Exercise objective: Where the line containing "REGLA 12. SAQUE" appears in the records below, begin there and repeat each line exactly through the final one, dropping all pictures.

Stored records:

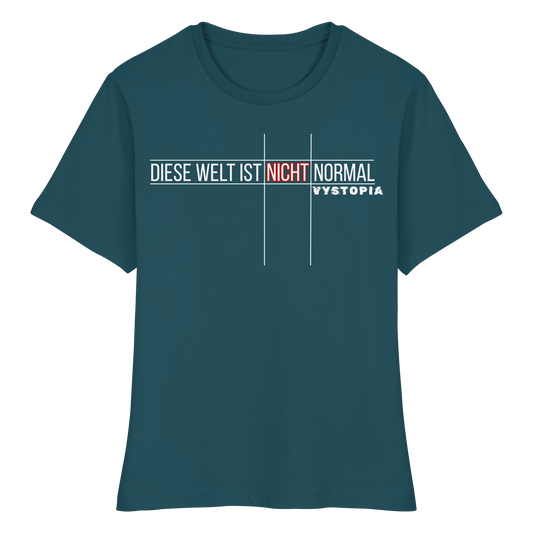 vegwear "Diese Welt ist nicht normal" - eng geschnittenes Damen Bio T-Shirt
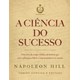 Livro - Ciencia do Sucesso, a - Bolso - Hill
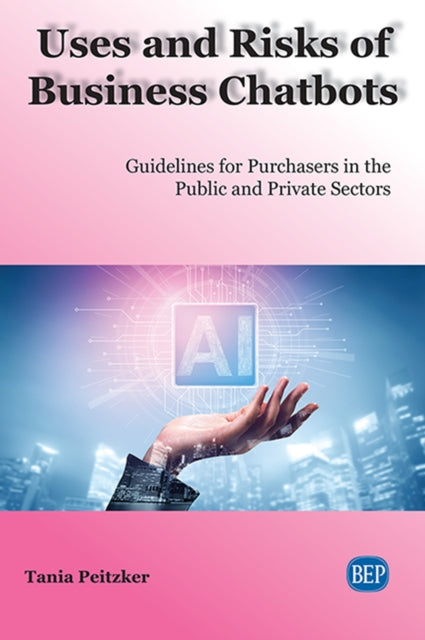 Book cover of: Uses and Risks of Business Chatbots. By: Tania Peitzker
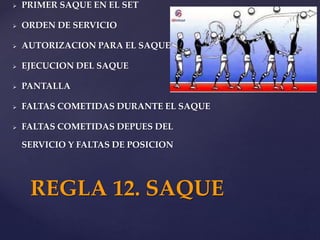  PRIMER SAQUE EN EL SET
 ORDEN DE SERVICIO
 AUTORIZACION PARA EL SAQUE
 EJECUCION DEL SAQUE
 PANTALLA
 FALTAS COMETIDAS DURANTE EL SAQUE
 FALTAS COMETIDAS DEPUES DEL
SERVICIO Y FALTAS DE POSICION
REGLA 12. SAQUE
 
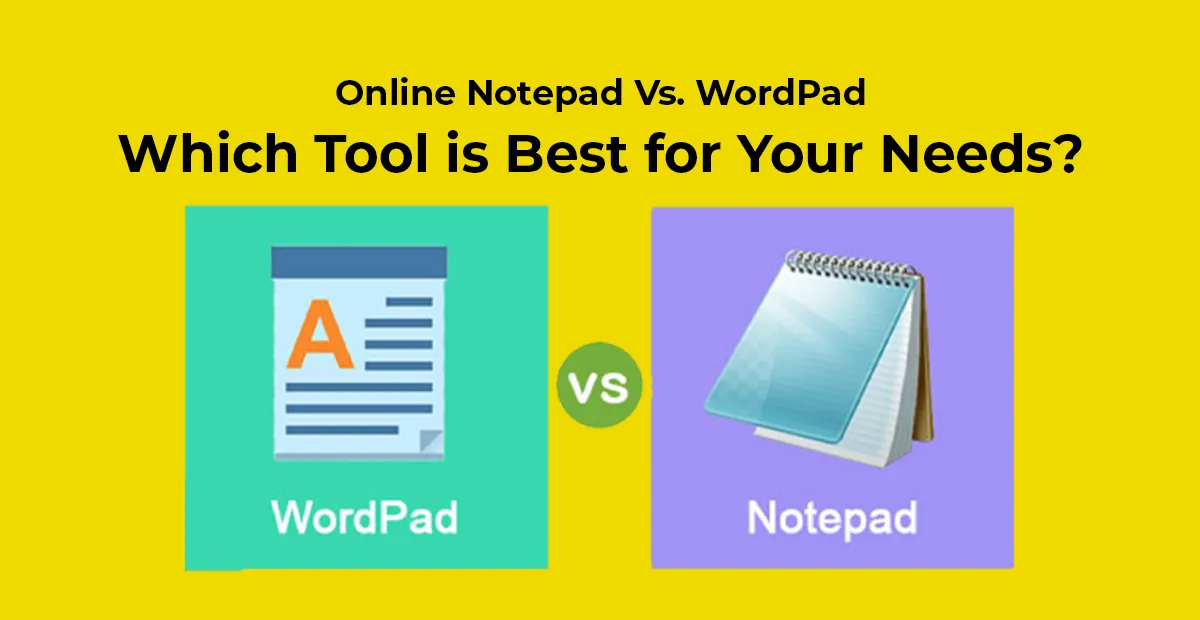 Online Notepad vs WordPad: Which Tool is Best for Your Needs?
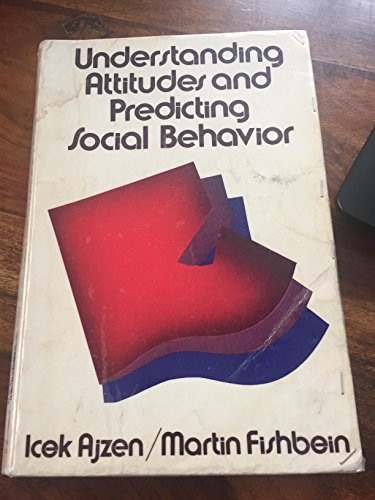 Understanding Attitudes and Predicting Social Behavior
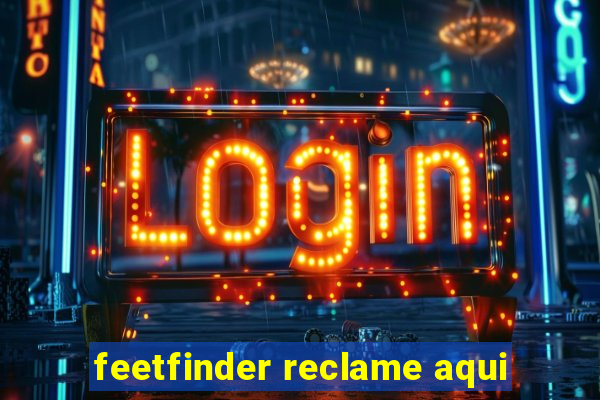 feetfinder reclame aqui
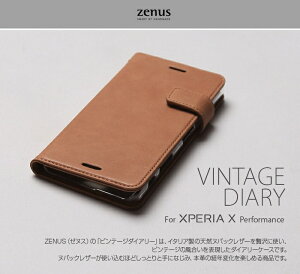 �蒠�^ �X�}�z�P�[�X Xperia X Performance SO-04H SOV33 �P�[�X�z�{�v ZENUS Vintage Diary �[�k�X �r���e�[�W�_�C�A���[�y�G�N�X�y���A x �p�t�H�[�}���X �X�}�z �J�o�[ Sony �\�j�[ �X�}�[�g�t�H�� docomo au 
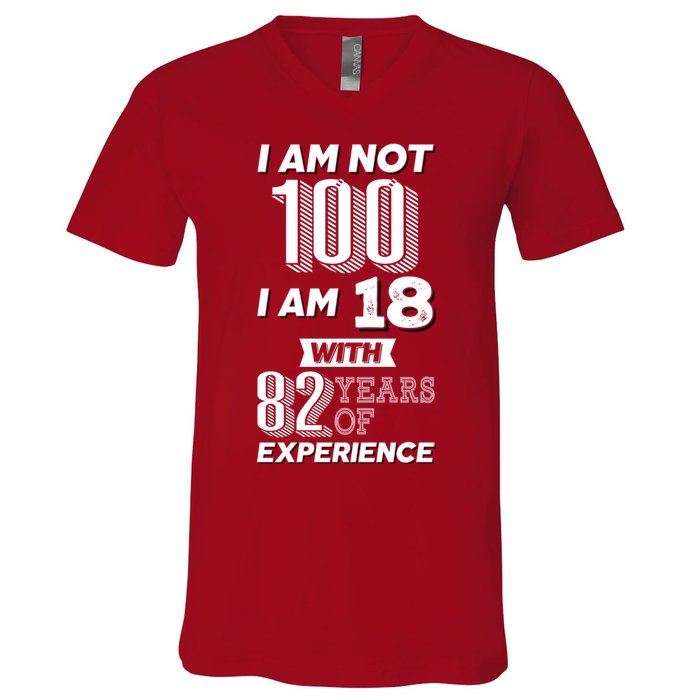I Am Not 100 I Am 18 With 82 Years Of Experience 100th Birthday V-Neck T-Shirt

Written answer:
REGLA 12. SAQUE
 
 Online Notepad vs WordPad: Which Tool is Best for Your Needs?
 Understanding Attitudes and Predicting Social Behavior
 feetfinder reclame aqui
 �蒠�^ �X�}�z�P�[�X Xperia X Performance SO-04H SOV33 �P�[�X�z�{�v ZENUS Vintage Diary �[�k�X �r���e�[�W�_�C�A���[�y�G�N�X�y���A x �p�t�H�[�}���X �X�}�z �J�o�[ Sony �\�j�[ �X�}�[�g�t�H�� docomo au 
I Am Not 100 I Am 18 With 82 Years Of Experience 100th Birthday V-Neck T-Shirt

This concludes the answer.